WHAT THE EXERCISE ASKS
Produce a verbatim copy of the records, and keep the images out of it.

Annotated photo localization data
======

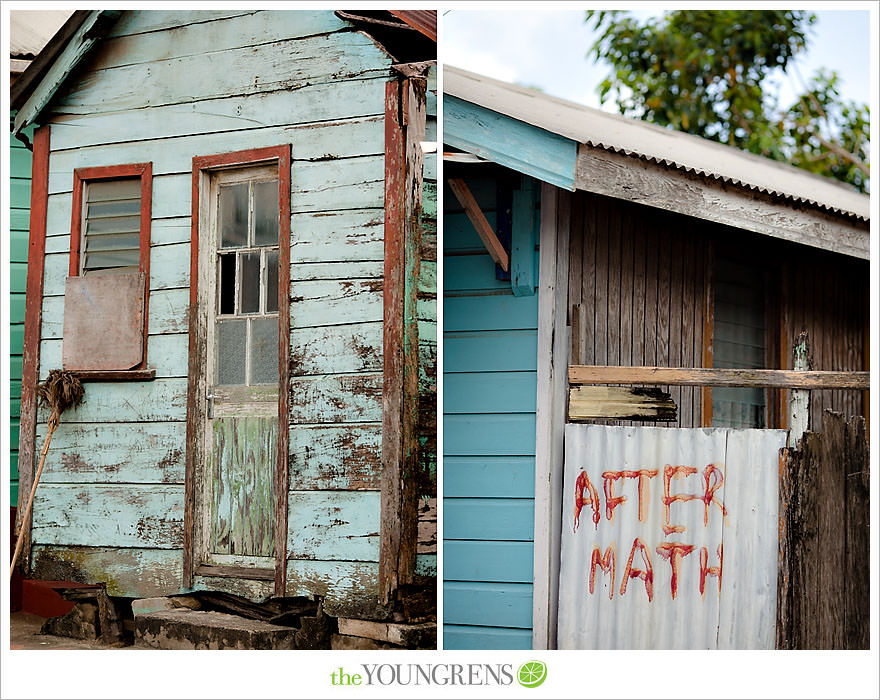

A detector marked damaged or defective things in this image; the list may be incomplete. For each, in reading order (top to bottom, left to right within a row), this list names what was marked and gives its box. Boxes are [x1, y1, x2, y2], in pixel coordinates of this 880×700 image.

rusted corrugated metal roof [388, 10, 436, 41]
rusted corrugated metal roof [444, 65, 868, 220]
broken window pane [219, 182, 248, 247]
broken window pane [254, 180, 278, 246]
broken window pane [218, 254, 235, 314]
broken window pane [239, 252, 260, 312]
broken window pane [217, 320, 248, 386]
green peeling door paint [200, 167, 280, 572]
broken window pane [249, 318, 276, 382]
rusted corrugated metal roof [556, 426, 784, 652]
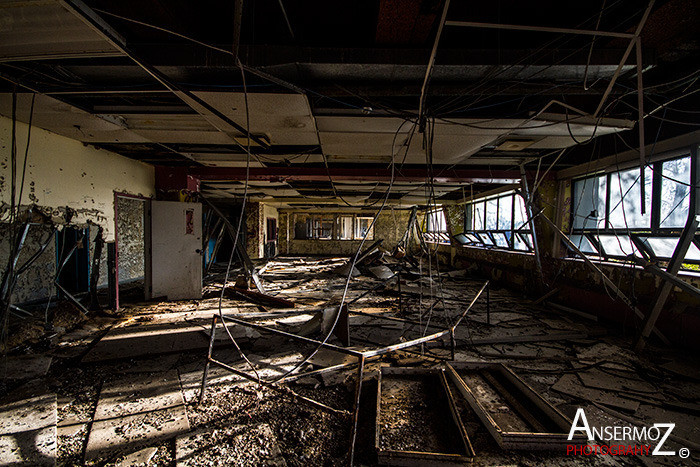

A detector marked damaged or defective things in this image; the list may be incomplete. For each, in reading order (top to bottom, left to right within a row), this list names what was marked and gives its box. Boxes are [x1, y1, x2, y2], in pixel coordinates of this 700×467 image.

rusted metal frame [592, 0, 652, 117]
broken window [460, 192, 536, 254]
rusted metal frame [540, 210, 668, 346]
broken window [568, 154, 700, 268]
rusted metal frame [636, 216, 700, 352]
rusted metal frame [198, 316, 217, 404]
rusted metal frame [208, 356, 350, 418]
rusted metal frame [348, 356, 366, 466]
rusted metal frame [374, 370, 478, 464]
rusted metal frame [446, 362, 588, 450]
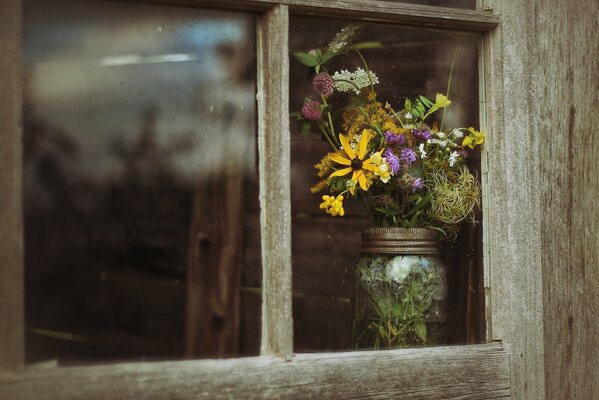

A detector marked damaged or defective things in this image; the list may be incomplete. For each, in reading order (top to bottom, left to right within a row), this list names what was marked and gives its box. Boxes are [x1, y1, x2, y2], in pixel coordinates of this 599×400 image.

rusty metal lid [360, 227, 440, 255]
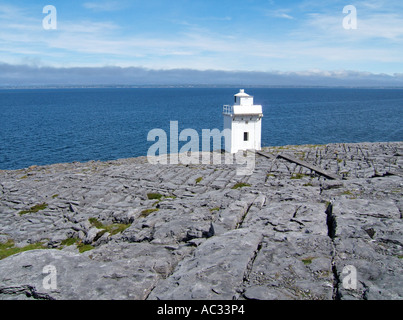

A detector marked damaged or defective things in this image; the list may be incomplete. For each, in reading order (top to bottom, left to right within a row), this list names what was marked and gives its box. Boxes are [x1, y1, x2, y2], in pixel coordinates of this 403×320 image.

cracked limestone pavement [0, 142, 402, 300]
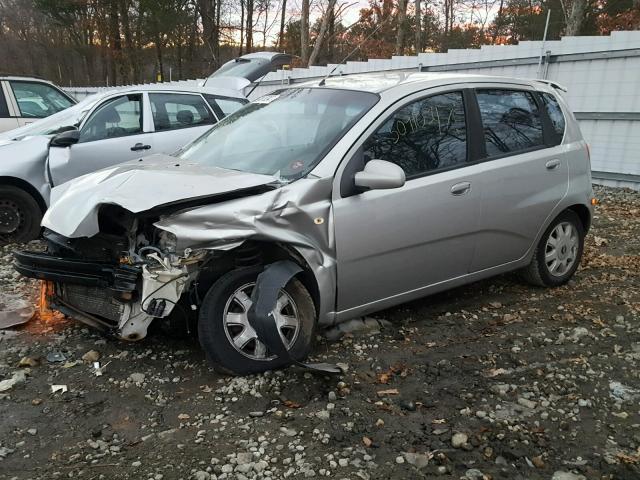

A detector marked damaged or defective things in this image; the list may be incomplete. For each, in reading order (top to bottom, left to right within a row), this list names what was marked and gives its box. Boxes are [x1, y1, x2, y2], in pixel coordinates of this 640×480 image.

damaged front end [15, 208, 204, 340]
crumpled hood [42, 154, 278, 238]
torn metal panel [154, 176, 338, 326]
crushed fender liner [248, 258, 342, 376]
damaged silver car [13, 74, 596, 376]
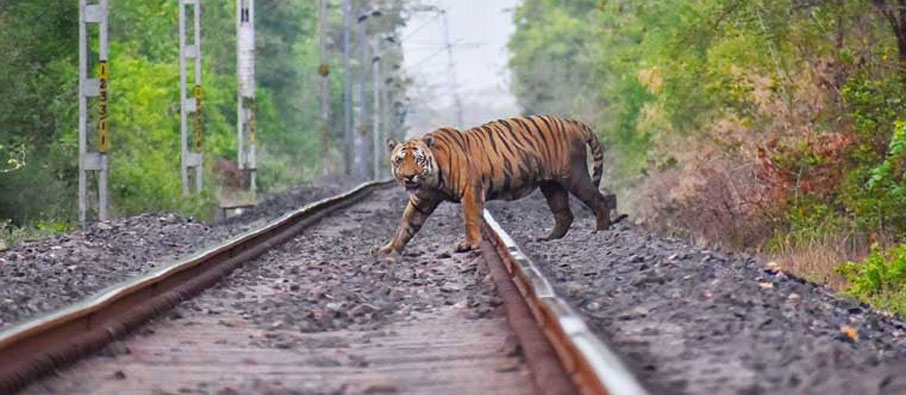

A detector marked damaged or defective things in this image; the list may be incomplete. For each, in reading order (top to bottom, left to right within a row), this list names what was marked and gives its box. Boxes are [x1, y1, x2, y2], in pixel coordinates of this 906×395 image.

rusty rail [0, 181, 388, 394]
rusty rail [484, 212, 648, 395]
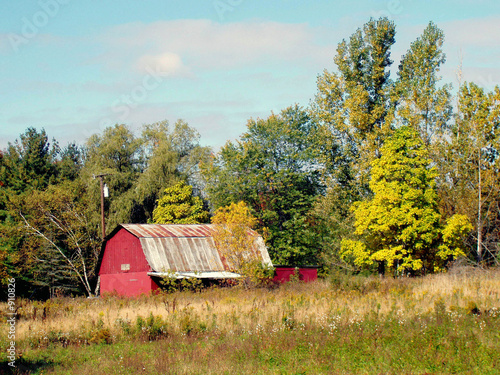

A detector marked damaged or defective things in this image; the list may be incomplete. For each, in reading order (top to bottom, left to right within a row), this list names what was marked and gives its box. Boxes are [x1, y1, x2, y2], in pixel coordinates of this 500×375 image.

rusty metal roof [118, 225, 272, 274]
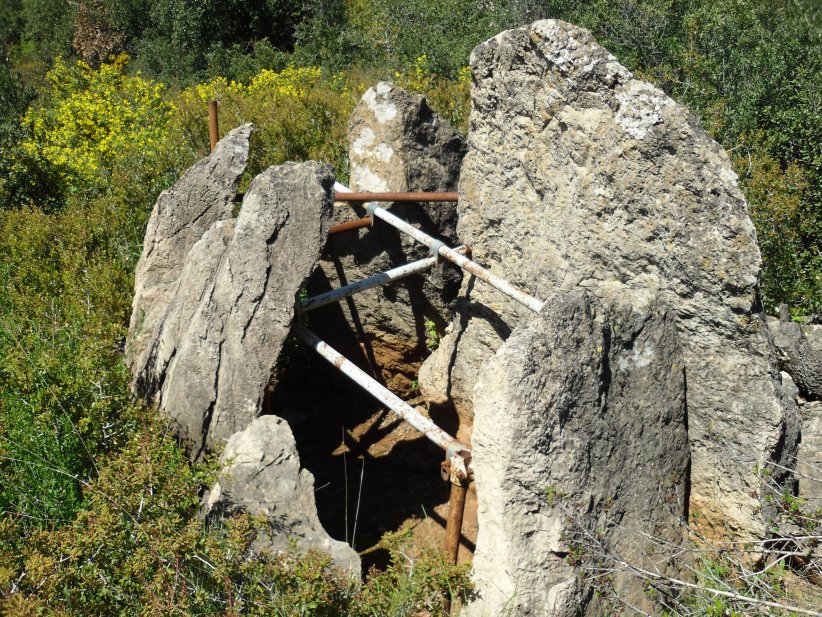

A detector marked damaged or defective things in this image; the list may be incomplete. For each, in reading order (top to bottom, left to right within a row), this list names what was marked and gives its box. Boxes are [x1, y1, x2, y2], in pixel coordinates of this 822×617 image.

rusty metal pipe [328, 218, 374, 235]
rusty metal pipe [292, 324, 474, 470]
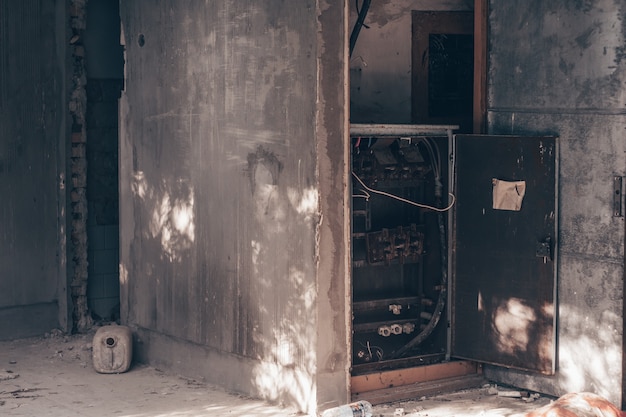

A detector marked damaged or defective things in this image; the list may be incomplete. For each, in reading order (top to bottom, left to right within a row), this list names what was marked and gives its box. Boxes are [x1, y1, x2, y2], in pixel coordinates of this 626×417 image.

rusty metal door [448, 136, 556, 374]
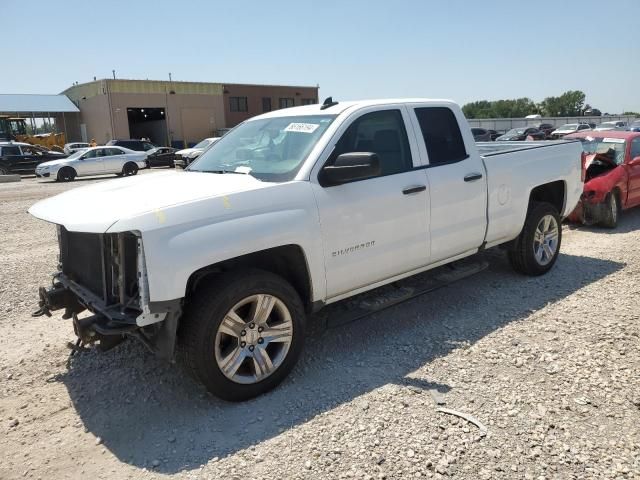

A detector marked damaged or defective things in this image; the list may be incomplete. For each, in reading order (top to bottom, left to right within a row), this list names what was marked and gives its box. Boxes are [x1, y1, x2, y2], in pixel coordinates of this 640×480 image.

red damaged car [564, 131, 640, 229]
damaged front end [34, 228, 181, 360]
broken headlight area [35, 229, 180, 360]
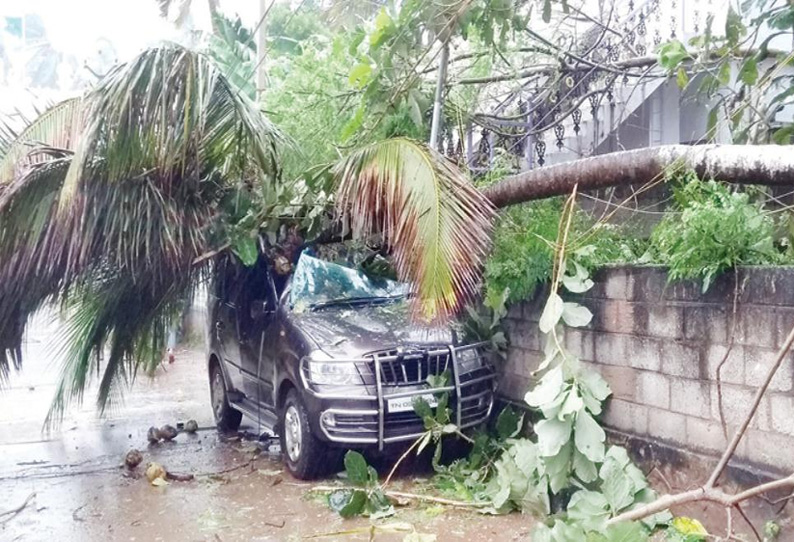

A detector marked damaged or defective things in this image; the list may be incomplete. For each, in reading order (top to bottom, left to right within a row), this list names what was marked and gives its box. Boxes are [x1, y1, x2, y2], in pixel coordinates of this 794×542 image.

shattered windshield [288, 254, 408, 312]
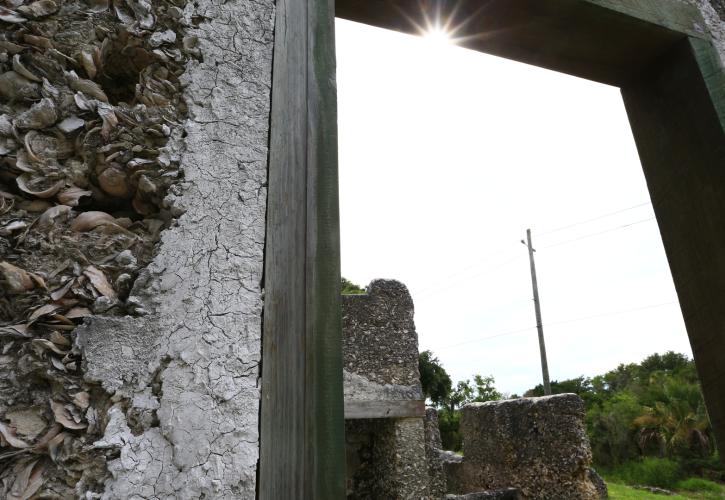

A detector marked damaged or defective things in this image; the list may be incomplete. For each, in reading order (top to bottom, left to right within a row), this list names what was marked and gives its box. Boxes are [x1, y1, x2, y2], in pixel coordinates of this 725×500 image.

cracked concrete wall [75, 1, 274, 498]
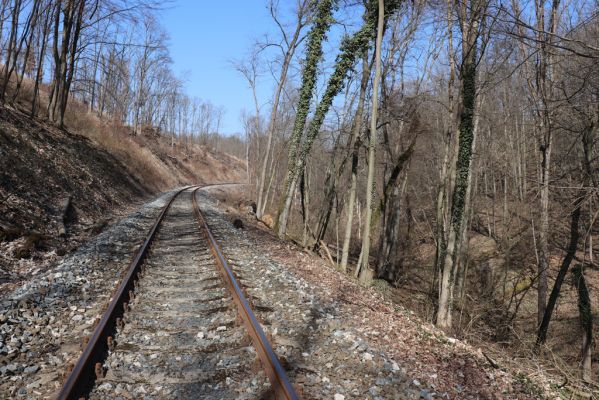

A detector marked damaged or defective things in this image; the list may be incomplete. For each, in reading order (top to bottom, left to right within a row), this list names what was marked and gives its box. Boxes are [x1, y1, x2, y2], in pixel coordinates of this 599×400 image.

rusted rail spike [57, 187, 191, 400]
rusted rail spike [192, 188, 300, 400]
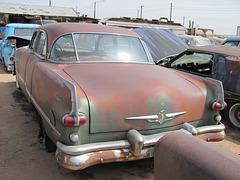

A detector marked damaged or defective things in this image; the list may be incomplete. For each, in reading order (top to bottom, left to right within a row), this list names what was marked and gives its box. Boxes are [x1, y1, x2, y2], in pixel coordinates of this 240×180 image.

rusty vintage car [14, 22, 227, 170]
rusty vintage car [160, 45, 239, 129]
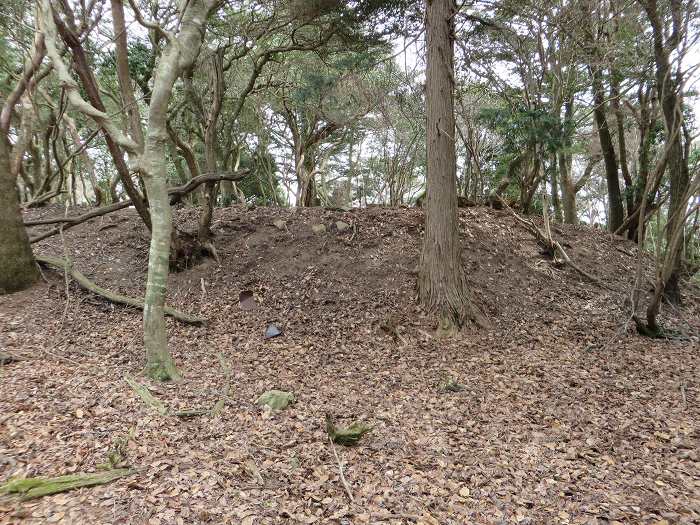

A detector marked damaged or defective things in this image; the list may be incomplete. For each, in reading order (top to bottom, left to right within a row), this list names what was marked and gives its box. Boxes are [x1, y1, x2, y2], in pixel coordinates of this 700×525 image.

======

RESPONSE BOX
A detector marked damaged or defective things in this image; the list may be incomplete. For each, in reading order (top to bottom, left to right within a row), this list names what was marked and gives its box. Boxes are [x1, y1, x2, y2], in pixel coordinates of this 880×700 image.

rusted corrugated metal roof [388, 10, 436, 41]
rusted corrugated metal roof [444, 65, 868, 220]
broken window pane [219, 182, 248, 247]
broken window pane [254, 180, 278, 246]
broken window pane [218, 254, 235, 314]
broken window pane [239, 252, 260, 312]
broken window pane [217, 320, 248, 386]
green peeling door paint [200, 167, 280, 572]
broken window pane [249, 318, 276, 382]
rusted corrugated metal roof [556, 426, 784, 652]

A detector marked damaged or defective things in this image; the list may be incomplete. For each, in reading order (top to bottom, left to right within a row), this list names what was marked and gives its box. Boxes are [x1, y1, x2, y2], in pixel coordinates of this 700×467 image.

rusted metal frame [592, 0, 652, 117]
broken window [460, 192, 536, 254]
rusted metal frame [540, 210, 668, 346]
broken window [568, 154, 700, 268]
rusted metal frame [636, 216, 700, 352]
rusted metal frame [198, 316, 217, 404]
rusted metal frame [208, 356, 350, 418]
rusted metal frame [348, 356, 366, 466]
rusted metal frame [374, 370, 478, 464]
rusted metal frame [446, 362, 588, 450]

A detector marked damaged or defective things in this image; the list may be incomplete. For each, in reading order (top to bottom, left to right within a row), this list names what was marked and gives its box. Boxes are [x1, y1, x2, y2], in pixel coordinates of this 599×400 image.

rusty metal lid [360, 227, 440, 255]

A detector marked damaged or defective things in this image; the list may be incomplete. For each, in reading order (top to bottom, left to right within a row), this list names what was marked and gives its box. Boxes are [x1, y1, x2, y2], in pixel coordinates of this 403×320 image.

cracked limestone pavement [0, 142, 402, 300]

A detector marked damaged or defective things in this image; the list may be incomplete. For each, in reading order (top to bottom, left to right within a row), this list names what was marked and gives its box. Boxes are [x1, y1, x2, y2], in pixel coordinates of this 640×480 image.

damaged front end [15, 208, 204, 340]
crumpled hood [42, 154, 278, 238]
torn metal panel [154, 176, 338, 326]
crushed fender liner [248, 258, 342, 376]
damaged silver car [13, 74, 596, 376]

A detector marked damaged or defective things in this image; the list may be incomplete. For each, in reading order (top to bottom, left to right within a row), this list names what was marked and gives its box. Boxes are [x1, y1, x2, y2], in pixel coordinates of this 906×395 image.

rusty rail [0, 181, 388, 394]
rusty rail [484, 212, 648, 395]

A detector marked damaged or defective things in this image; the list may be incomplete. For each, in reading order (top to bottom, left to right within a row), this list names what was marked and gives its box. Boxes are [x1, y1, x2, y2], in pixel coordinates of this 500×375 image.

rusty metal roof [118, 225, 272, 274]

A detector marked damaged or defective things in this image; the list may be incomplete. For each, in reading order (top to bottom, left to right within a row), this list names what was marked and gives its box. Boxes are [x1, y1, x2, y2], in pixel coordinates of this 822×617 image.

rusty metal pipe [328, 218, 374, 235]
rusty metal pipe [292, 324, 474, 470]

A detector marked damaged or defective things in this image; the list may be incomplete. For each, in reading order (top to bottom, left to right within a row), this list names what was marked and gives its box. Boxes are [x1, y1, x2, y2], in pixel coordinates of this 626×417 image.

rusty metal door [448, 136, 556, 374]

A detector marked damaged or defective things in this image; the list may be incomplete. For each, in reading order (top to bottom, left to right within a row), this list names what was marked and gives its box. Boxes are [x1, y1, x2, y2], in pixel coordinates of this 640×480 image.

red damaged car [564, 131, 640, 229]
damaged front end [34, 228, 181, 360]
broken headlight area [35, 229, 180, 360]

A detector marked damaged or defective things in this image; the list may be incomplete. For each, in reading order (top to bottom, left to right within a row), this list names what was marked and gives its box. Boxes are [x1, y1, x2, y2], in pixel coordinates of this 794×542 image.

shattered windshield [288, 254, 408, 312]

A detector marked damaged or defective things in this image; the list may be incomplete. For each, in reading order (top to bottom, left to right within a row), this list names what was marked and gives its box. Boxes are [x1, y1, x2, y2], in pixel coordinates of this 725×500 image.

cracked concrete wall [75, 1, 274, 498]

A detector marked damaged or defective things in this image; the list may be incomplete. For each, in reading order (top to bottom, left to right within a row), this list names what was marked and gives its box. Boxes are [x1, y1, x2, y2], in pixel coordinates of this 599×400 image.

rusted rail spike [57, 187, 191, 400]
rusted rail spike [192, 188, 300, 400]

A detector marked damaged or defective things in this image; the list may be incomplete. For each, in reading order (top to bottom, left to right within a row), this list names what was marked and gives its box. Boxes are [x1, y1, x2, y2], in pixel coordinates of this 240×180 image.

rusty vintage car [14, 22, 227, 170]
rusty vintage car [160, 45, 239, 129]

A detector marked damaged or defective things in this image; the list may be incomplete. For each, in reading order (top to bottom, left to right within a row), this list names what was marked and gives its box. Boxes are [x1, y1, x2, y2], in pixel coordinates of this 700×525 image.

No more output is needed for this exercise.